It's horrible what your ex is doing to try and make your daughter reject you. This is what happens with an alienating ex. You're right you need to find ways to handle and manage it. The first advice is usually don't get into a dialogue with the child about it. It makes them more conflicted because they have loyalty to both parents. It's good that she told you what the ex said so you understand what is going on. It's not working - your daughter isn't rejecting you, but she is carrying out instructions without understanding why. This is why the time is so important - if she's with you, you can handle things and gradually she will learn some coping strategies. If you don't see your daughter, then this kind of thing becomes more and more ingrained.

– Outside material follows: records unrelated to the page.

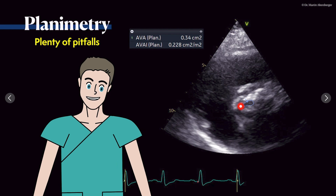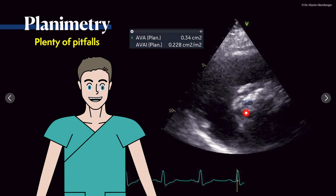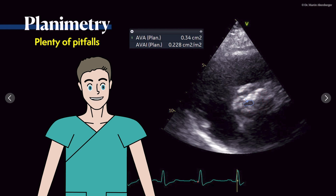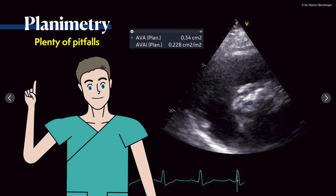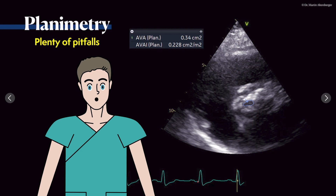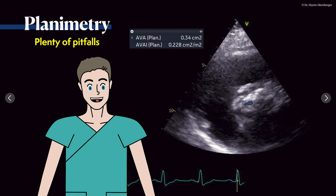Furthermore, you never know if you are truly at the smallest area you actually want to measure, or if you're in the correct plane. Very often the image quality in severely calcified valves is simply reduced. In my view, planimetry gives additional information and can help you get a feel for the valve opening, but be aware it is not mentioned in the guidelines because it simply has plenty of pitfalls.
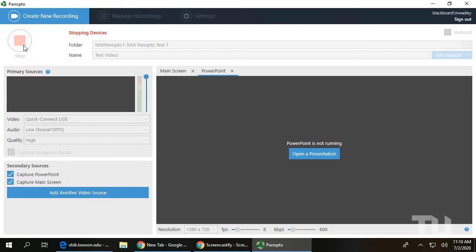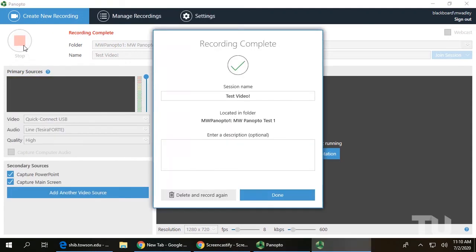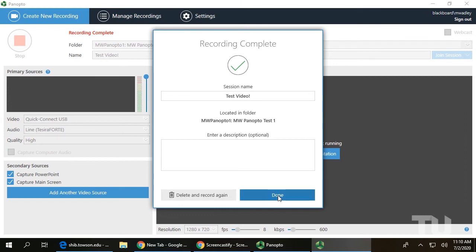A Recording Complete confirmation window will appear. Click Done to upload the recording or delete and record again to start over from scratch.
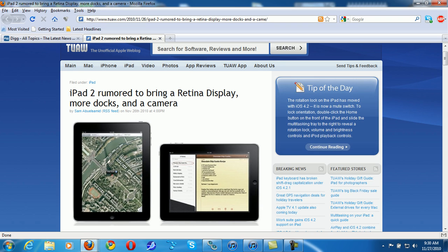They're reporting that the iPad 2 will have a retina display, USB, some docks, and some more inputs and a camera.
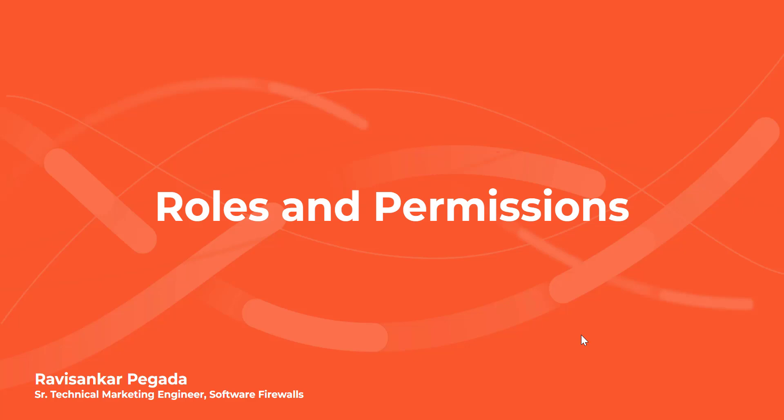Hi, my name is Ravi Shankar Pegada. I'm a senior technical marketing engineer here at Palo Alto Networks. In this short video,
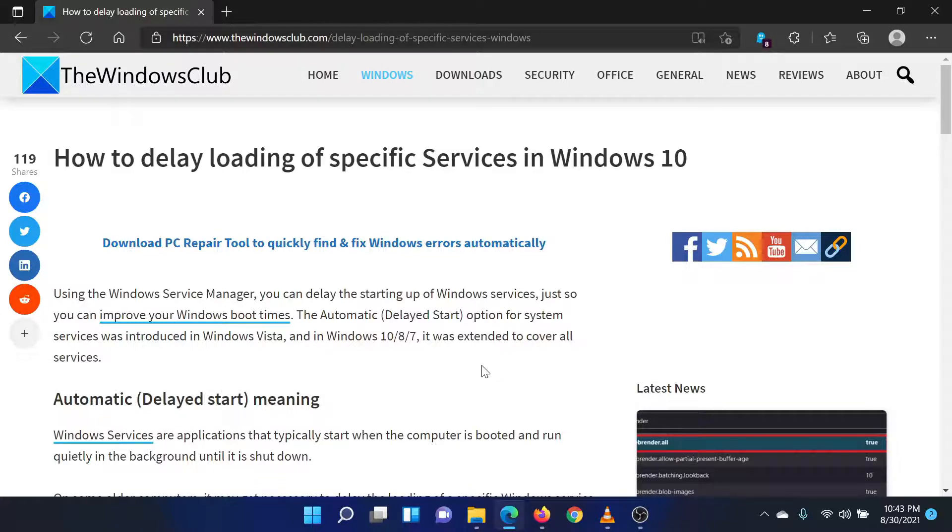Most Windows services start automatically as soon as you boot the system. You can delay the loading of these services by a default time of 120 seconds as follows.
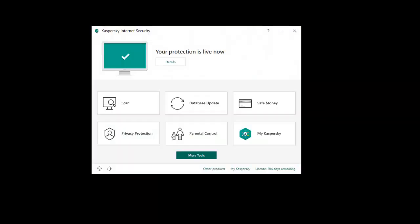Hey guys, Dan here from techsecurityreviews.com. Today I just wanted to show you how to use the parental controls module that comes with Kaspersky's internet security software. You also get this with Kaspersky Total Security as well.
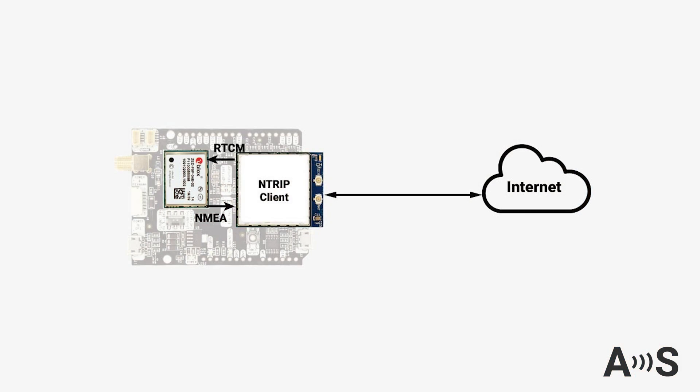The kit allows you to connect to an NTRIP server to download correction data, while simultaneously transmitting its position to another server.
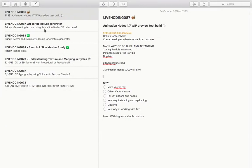Hello, welcome back to Blender Sushi Live. In this video I'm going to do a quick preview on the incoming version of Animation Nodes, which is version 1.7.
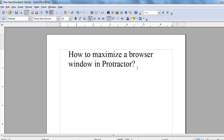Hi everyone! Today you will learn how to maximize a browser window in Protractor. We'll launch a browser and see how we can write code in Protractor to maximize a browser window. Let's get started.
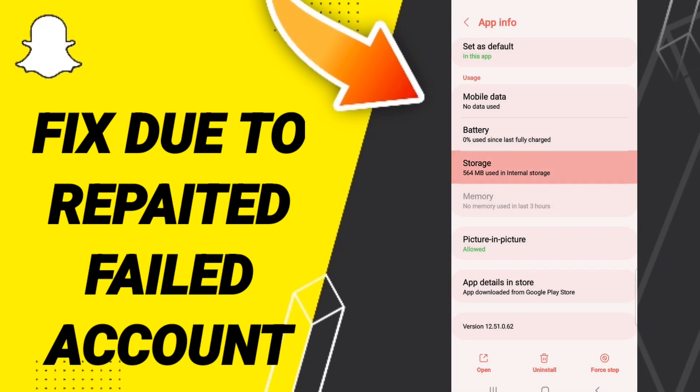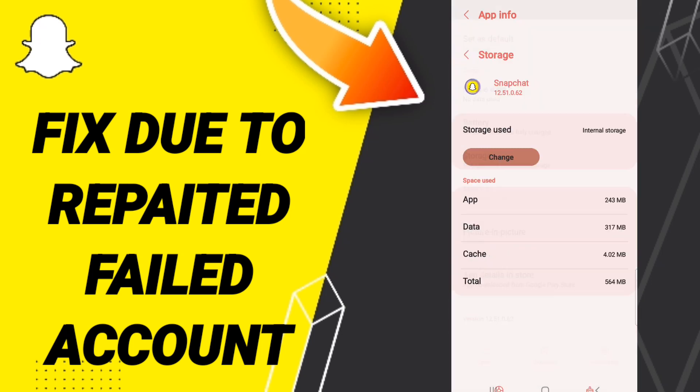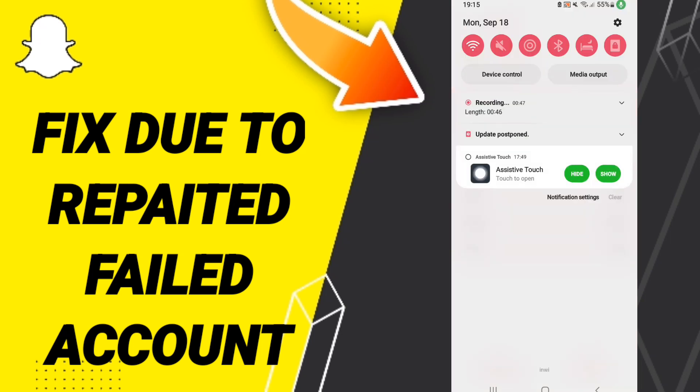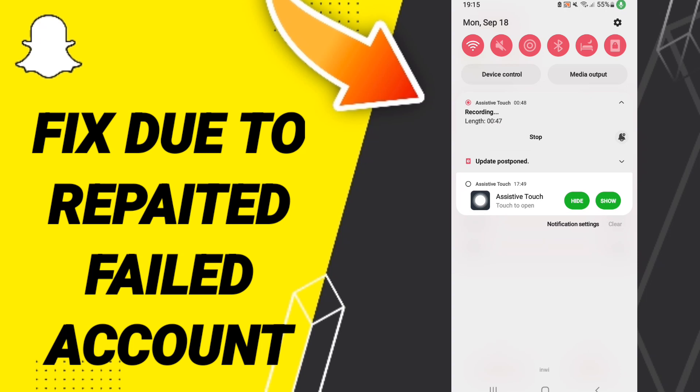Then go to Storage. On this page, click Clear Cache. And in the end, you can turn off your phone.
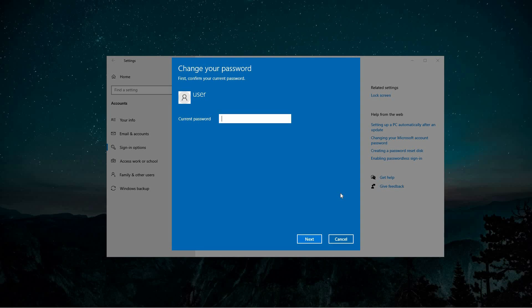This should help address the System Error 8646 that might appear when attempting to reset a Microsoft Account Password on Windows 10. If the error remains, consider running a System File Checker scan with the command sfc space forward slash scan now to identify and repair any corrupted files.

No you can't discuss it with the ex because - well it's too bizarre isn't it when she is deliberately creating this. So you have to manage the situation.
I've had a similar situation and it's very stressful and worrying and you can't quite be yourself as you have to tread so gently.
The first thing to think about is what is happening to the child. The child is suffering - they are under stress. So you do right not to get angry. Is it worse on arrival and then improves the next day?
The main thing is - distraction. If she comes out with a hostile or provocative statement (and you need to be prepared for this), you don't react - you say nothing, you listen for a second and then you carry on as if nothing has happened and use distraction. Change the subject, act and sound normal - go to the other room to get some food or whatever, or say - it's time we were going out to get some things. Or even put the TV on. They can't keep doing it if you don't react. Then she will settle down and her mind will become her own again as you do something hands on or watch something together. It might mean getting out of the house more if domestic routine doesn't make it easy for her to relax.
Some lines you can develop that aren't directly criticial of the ex. I don't know which ones would apply in your situation, but these were ones I had to use at various times
"Mummy must be mistaken"
"I'm not sure why Mummy would say that" (if she asks)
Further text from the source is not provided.